まずはやっとかないとと云う事で吸血鬼榎木津でした。
蒼月様もパラレルのお話を書く予定がおありということで、凄く楽しみです。
何だかんだでもう間もなくハロウィンも終わりですが、中禅寺のお話が書けるといいなぁと思っているので
もし書けましたらお読み頂けたら嬉しいです。
コメントありがとうございました。

>あやめ様
本無事に着きましたか、わざわざのご連絡ありがとうございます。
レインボー益田は青と白がお好きなんですね。青と白は「やりすぎたか!?」と書きながらやや戦慄していた二名なので、気に入って頂けて有難いです。益田の「ここがかわいい」という面を強調したいだけの本ですが、可愛がって頂ければと思います。
都電榎木津線は私自身本当に好きな本です!シロさんと一緒に本を作って、ひとりでは書けなかったことが書けました。楽しかったです。
抄録集は発行後一週間後くらいS潮社からの訴状を恐れていました(…)あの頃よりもペースは落ちましたが、これからも楽しく益田を幸せに出来たらなと思ってます。
たくさんのご感想ありがとうございました。創作する事であやめ様のご期待にお応え出来たら幸いです。どうぞお時間のある時にまた遊びにいらしてくださいませ。

>10月26日 21:25の方
志水版益田が狐っぽすぎて、狐っぽい益田と並ぶことで和寅もなんだか平成狸合戦ぽく見えたので思い切ってやっちゃいました。お読み頂いてありがとうございました。

>荻中様
こんにちは。先日は絵茶でお世話になりました。
ハロウィン企画お読みくださってありがとうございます。
第二夜は怪デザインを見て思いついたのですが、お読み頂ける方のイメージする可愛い益田と和寅でお願いしたい感じです。ハロウィンだからいいよね!と本人は乗り気でした、けもみみ。
第三夜の幽霊益田話はなんとなくなれ初め話みたいな雰囲気になりましたね。なんかうちの青木って妙にボンヤリしてますので、益田とゆるく仲良くなればいいと思ってます。
ありがとうございました。荻中様のサイト更新も楽しみにしております。

>檜扇様
こんばんは。拍手ありがとうございます。
ハロウィンと怪感想ご覧頂きましてありがとうございます。
まさかの初登場一発目で指定残りな益田が益田だなぁと思います。そうか、怪の益田は自分を弱く見せるためにいつでも泣ける能力を見につけてるんですね!それなのに肝心な時には泣けないといいです。
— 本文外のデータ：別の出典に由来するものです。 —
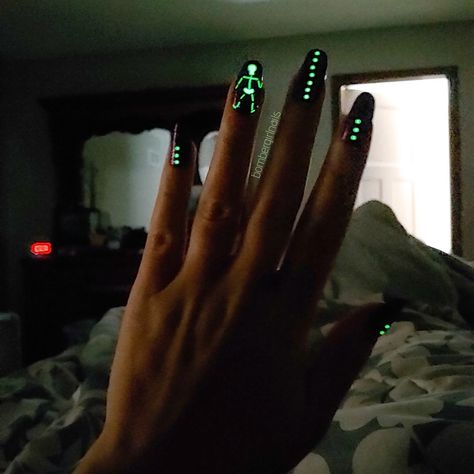 Halloween Nails Glow In The Dark, Glow In The Dark Halloween Nails, Dark Halloween Nails, Dark Nail Art, Glow In The Dark Halloween, Girls Nail Designs, Dark Nail, Dark Halloween, Girl Nails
妄想です。
そして絵の感想をいただきまして…本当に本当にありがとうございます…!嬉しい…!良かった…!あんな絵ですみません…!
お気遣い頂いて嬉しかったです。こんなサイトですが今後とも宜しくお願いします。


叩いてくださった方も、ありがとうございました。
返信不要の方もありがとうございます。嬉しさのあまり私こそ火葬寸前でした。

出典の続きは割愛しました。